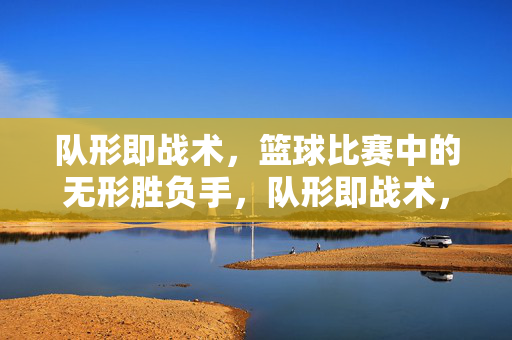 队形即战术，篮球比赛中的无形胜负手，队形即战术，篮球的无形胜负手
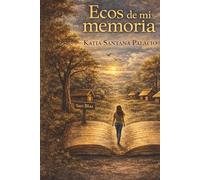 Ecos de mi Memoria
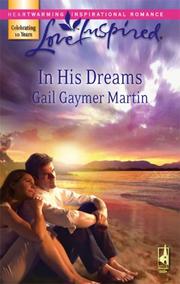 Cover of In His Dreams (Michigan Island, Book 3) by Gail Gaymer Martin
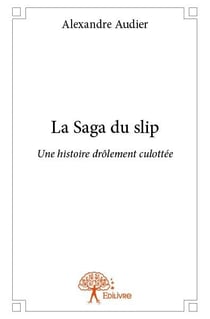 La saga du slip - une histoire drôlement culottée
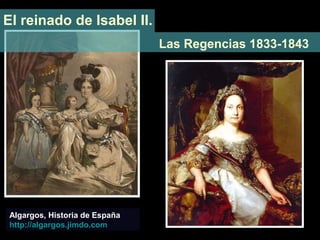 El reinado de Isabel II.
Las Regencias 1833-1843
Algargos, Historia de España
http://algargos.jimdo.com
 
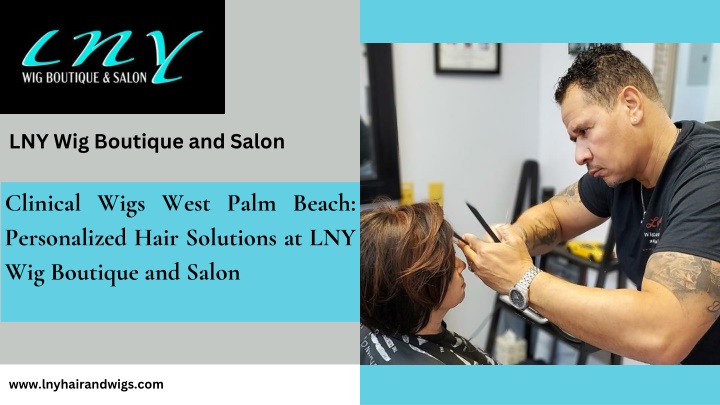 PPT - Clinical Wigs West Palm Beach Personalized Hair Solutions at LNY Wig Boutique and Salon PowerPoint Presentation - ID:14937221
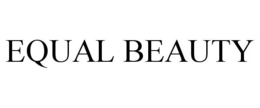 EQUAL BEAUTY trademark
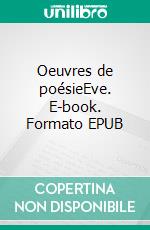 Oeuvres de poésieEve. E-book. Formato EPUB ebook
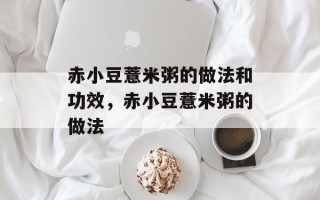 赤小豆薏米粥的做法和功效，赤小豆薏米粥的做法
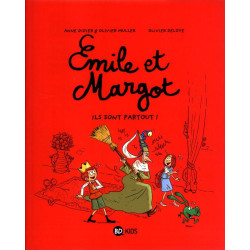 EMILE ET MARGOT  TOME 06  ILS SONT PARTOUT  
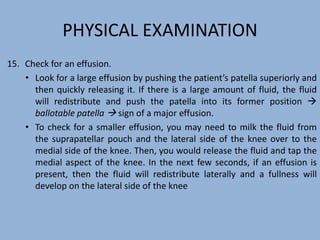 PHYSICAL EXAMINATION
15. Check for an effusion.
• Look for a large effusion by pushing the patient’s patella superiorly and
then quickly releasing it. If there is a large amount of fluid, the fluid
will redistribute and push the patella into its former position 
ballotable patella  sign of a major effusion.
• To check for a smaller effusion, you may need to milk the fluid from
the suprapatellar pouch and the lateral side of the knee over to the
medial side of the knee. Then, you would release the fluid and tap the
medial aspect of the knee. In the next few seconds, if an effusion is
present, then the fluid will redistribute laterally and a fullness will
develop on the lateral side of the knee
 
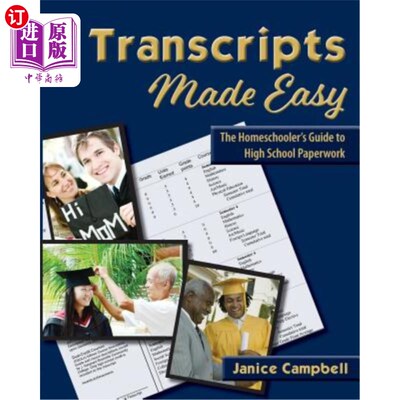 海外直订Transcripts Made Easy: The Homeschooler's Guide to High School Paperwork 简化成绩单:高中文书工作的家庭学生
........
__What you are asked to do__
Looking at the data above, return every line from the one with "ballotable patella " down to the one with "medial side of", exactly and inclusively.

__Answer for the task__
ballotable patella  sign of a major effusion.
• To check for a smaller effusion, you may need to milk the fluid from
the suprapatellar pouch and the lateral side of the knee over to the
medial side of the knee. Then, you would release the fluid and tap the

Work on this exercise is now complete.